MATERIAL SUPPLIED ->
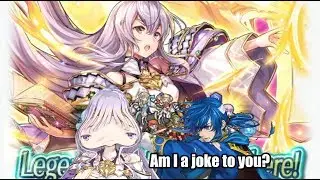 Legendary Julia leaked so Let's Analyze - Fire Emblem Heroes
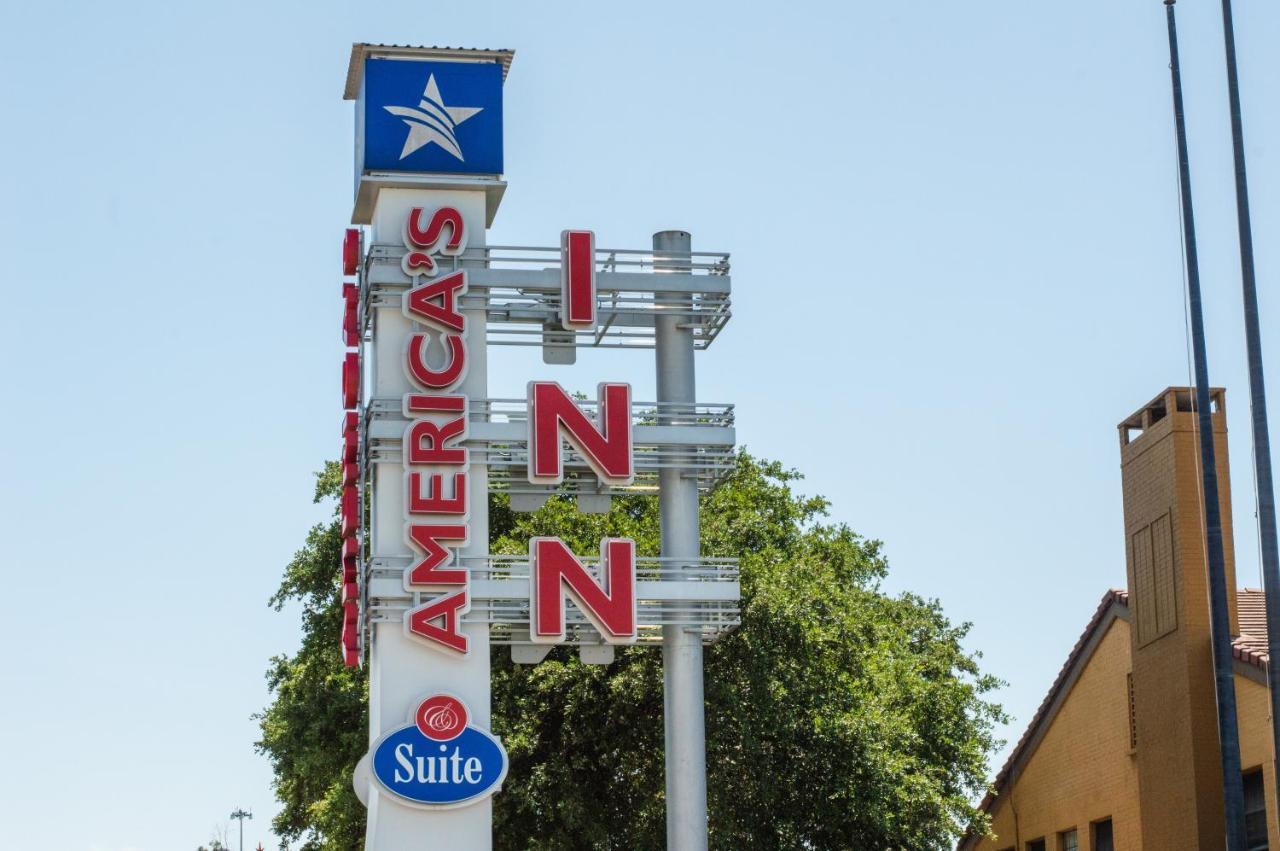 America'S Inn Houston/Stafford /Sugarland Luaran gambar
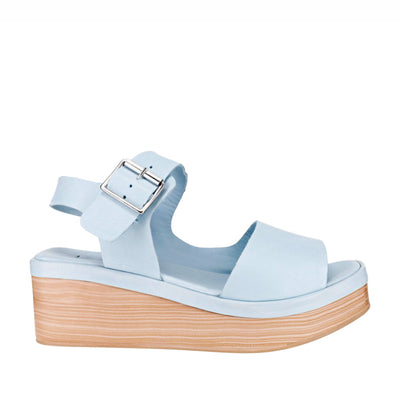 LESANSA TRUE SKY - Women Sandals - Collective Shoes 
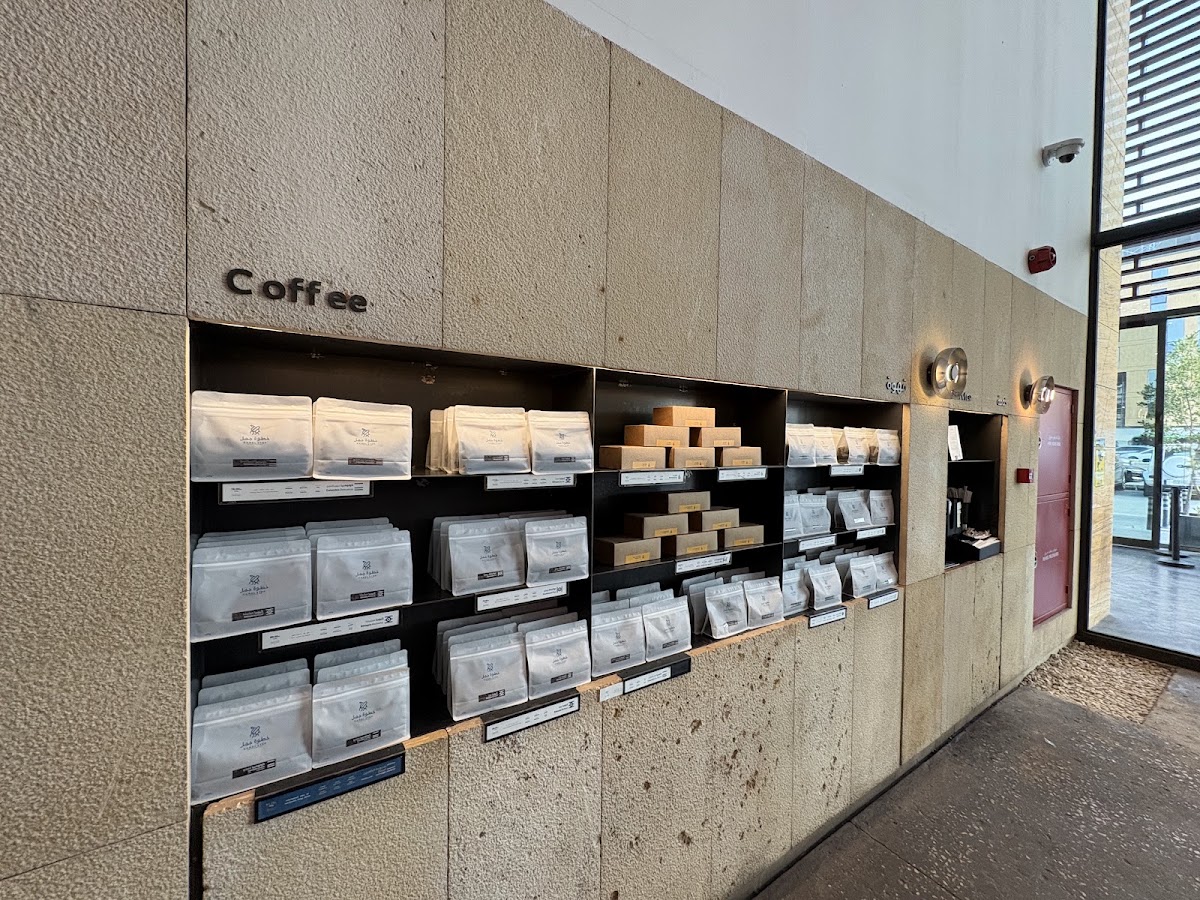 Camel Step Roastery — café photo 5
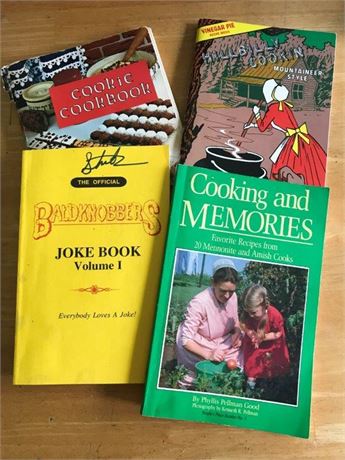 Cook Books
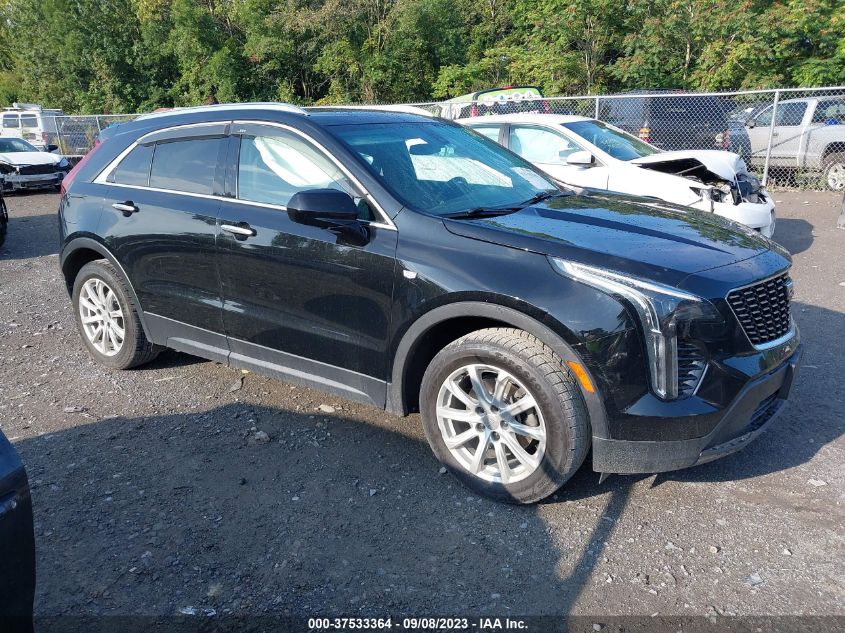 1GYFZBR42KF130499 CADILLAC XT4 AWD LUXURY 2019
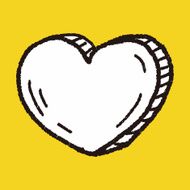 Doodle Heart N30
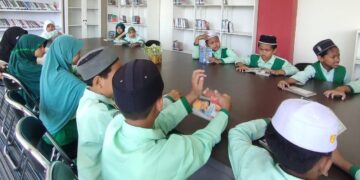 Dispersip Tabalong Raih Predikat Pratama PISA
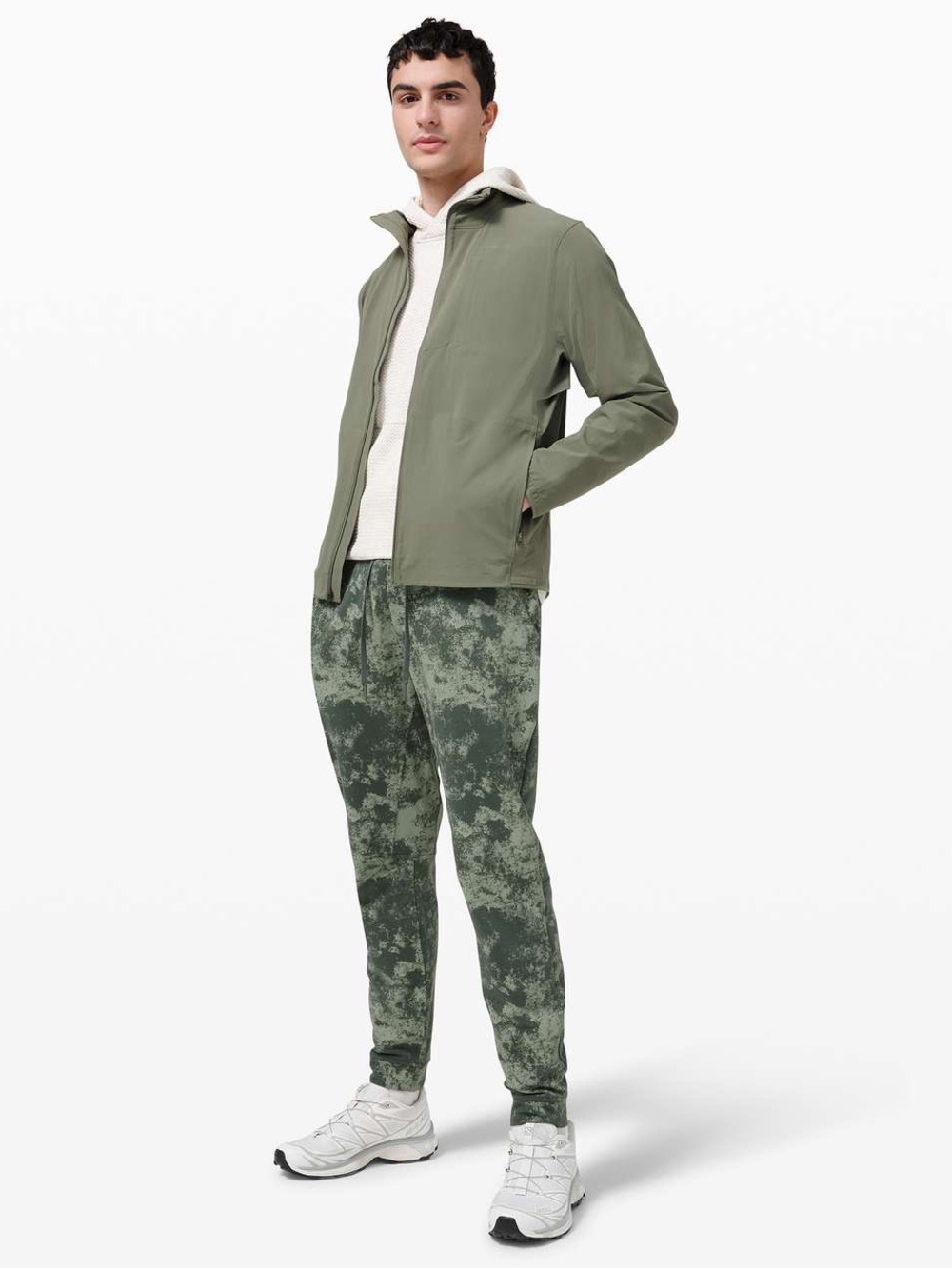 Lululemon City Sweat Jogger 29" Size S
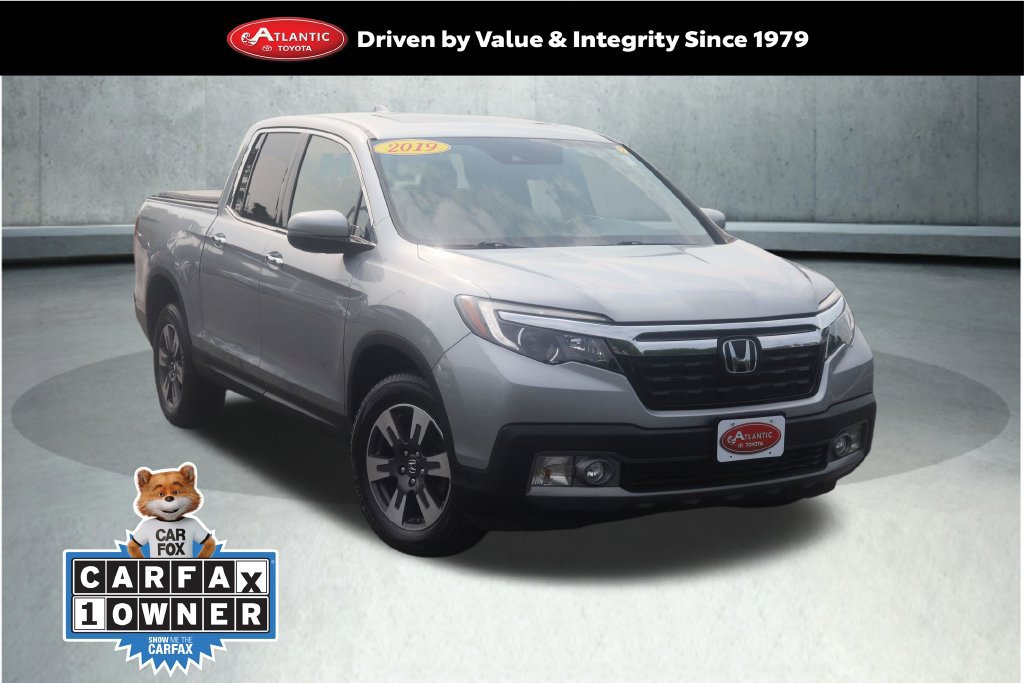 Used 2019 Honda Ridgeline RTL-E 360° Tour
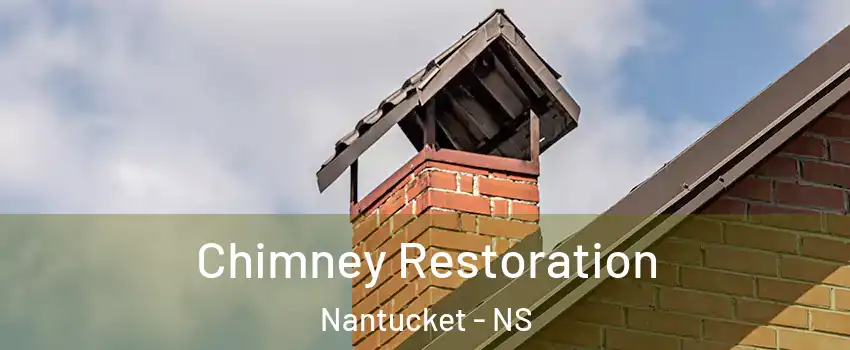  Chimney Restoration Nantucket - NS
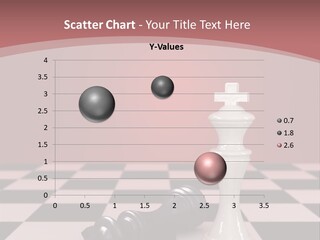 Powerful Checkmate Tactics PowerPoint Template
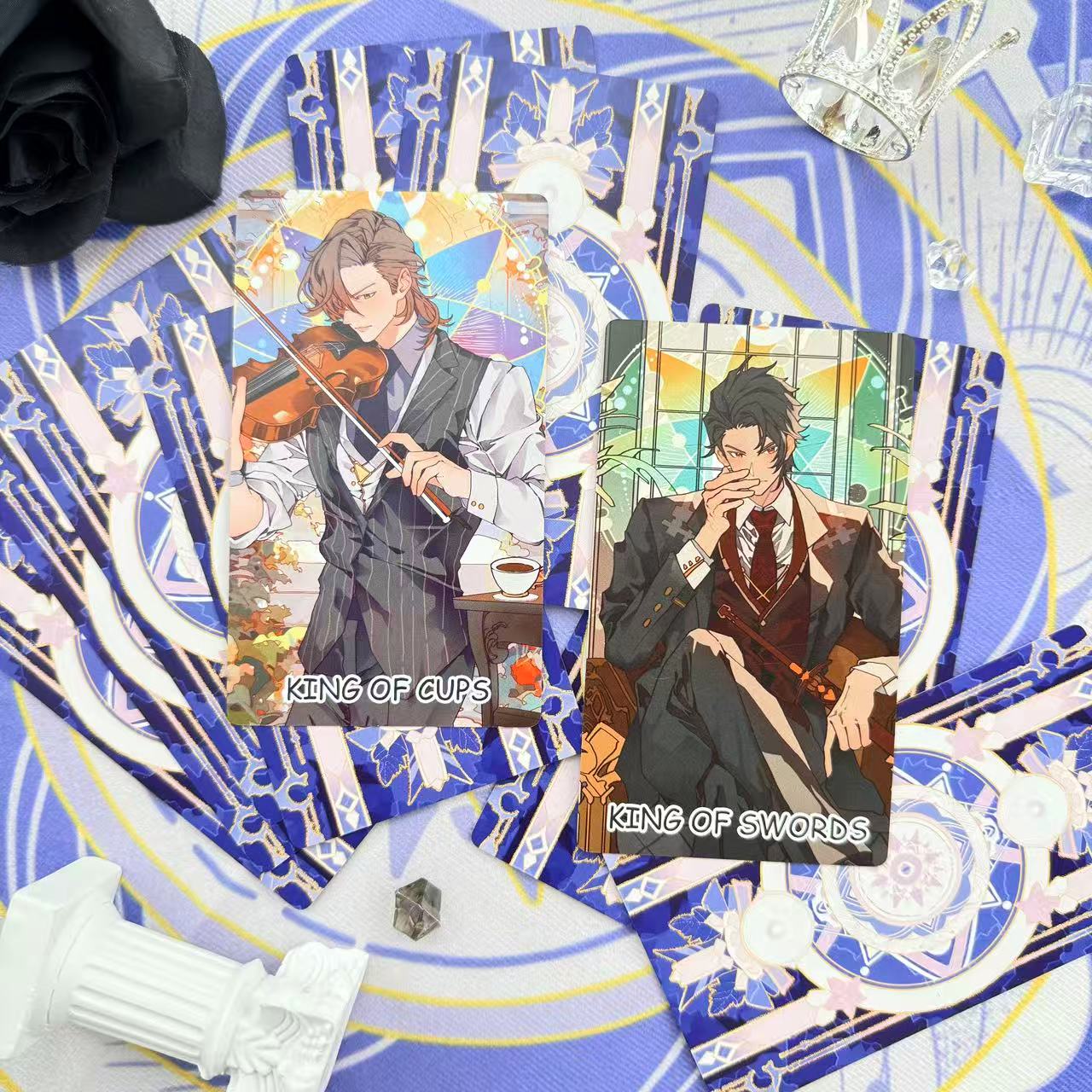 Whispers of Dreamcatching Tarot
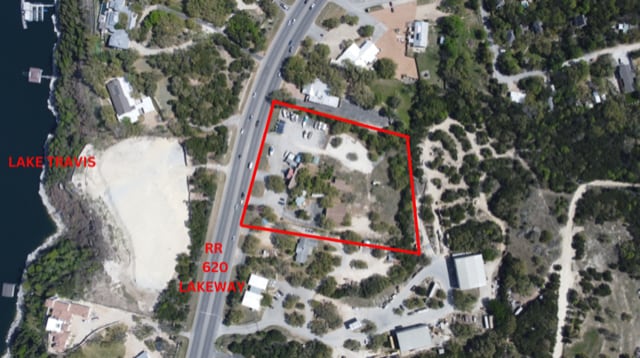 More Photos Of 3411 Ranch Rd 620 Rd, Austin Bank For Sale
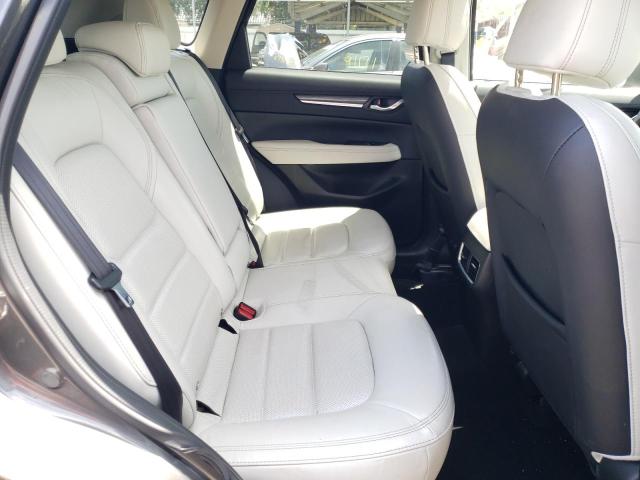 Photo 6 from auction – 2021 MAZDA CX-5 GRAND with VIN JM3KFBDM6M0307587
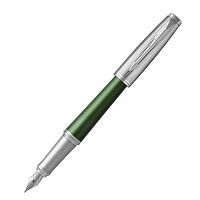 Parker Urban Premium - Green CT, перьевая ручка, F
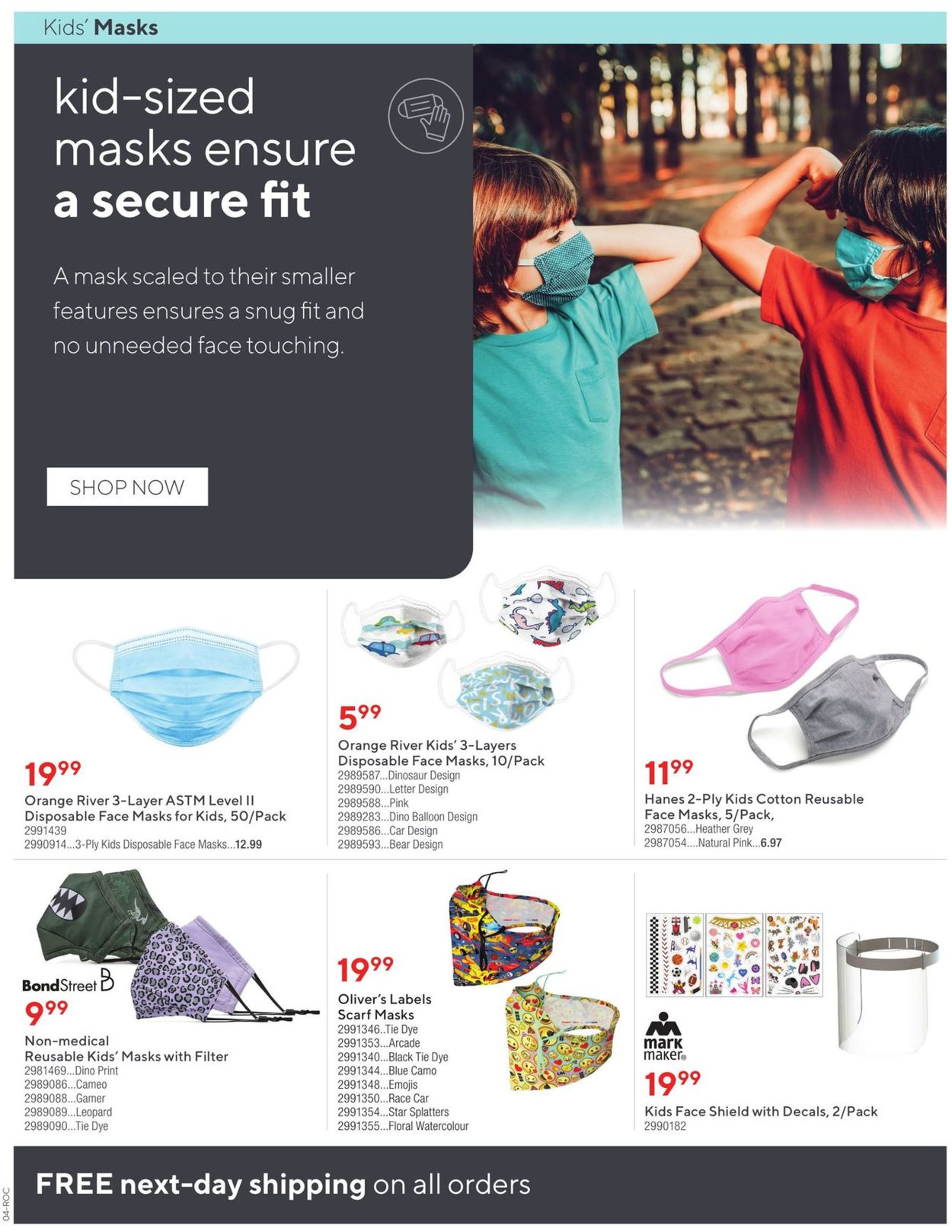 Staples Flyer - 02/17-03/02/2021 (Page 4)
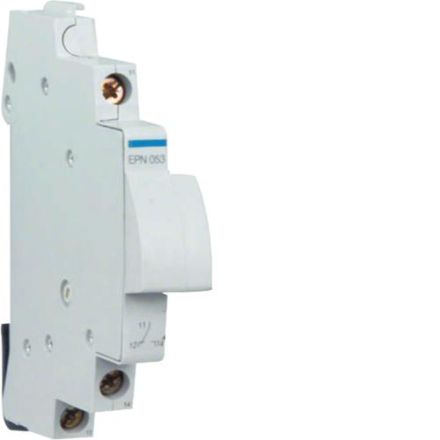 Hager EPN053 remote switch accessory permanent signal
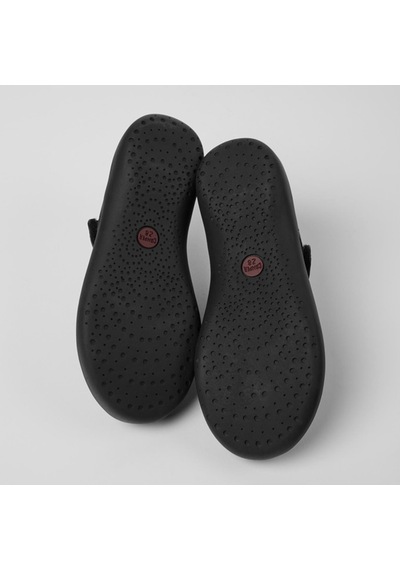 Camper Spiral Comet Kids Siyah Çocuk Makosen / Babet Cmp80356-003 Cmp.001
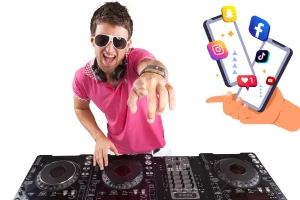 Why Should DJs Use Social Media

WORK REQUIRED ->
Word for word, return the material, omitting the pictures.

RESPONSE TO THE EXERCISE ->
 Legendary Julia leaked so Let's Analyze - Fire Emblem Heroes
 America'S Inn Houston/Stafford /Sugarland Luaran gambar
 LESANSA TRUE SKY - Women Sandals - Collective Shoes 
 Camel Step Roastery — café photo 5
 Cook Books
 1GYFZBR42KF130499 CADILLAC XT4 AWD LUXURY 2019
 Doodle Heart N30
 Dispersip Tabalong Raih Predikat Pratama PISA
 Lululemon City Sweat Jogger 29" Size S
 Used 2019 Honda Ridgeline RTL-E 360° Tour
  Chimney Restoration Nantucket - NS
 Powerful Checkmate Tactics PowerPoint Template
 Whispers of Dreamcatching Tarot
 More Photos Of 3411 Ranch Rd 620 Rd, Austin Bank For Sale
 Photo 6 from auction – 2021 MAZDA CX-5 GRAND with VIN JM3KFBDM6M0307587
 Parker Urban Premium - Green CT, перьевая ручка, F
 Staples Flyer - 02/17-03/02/2021 (Page 4)
 Hager EPN053 remote switch accessory permanent signal
 Camper Spiral Comet Kids Siyah Çocuk Makosen / Babet Cmp80356-003 Cmp.001
 Why Should DJs Use Social Media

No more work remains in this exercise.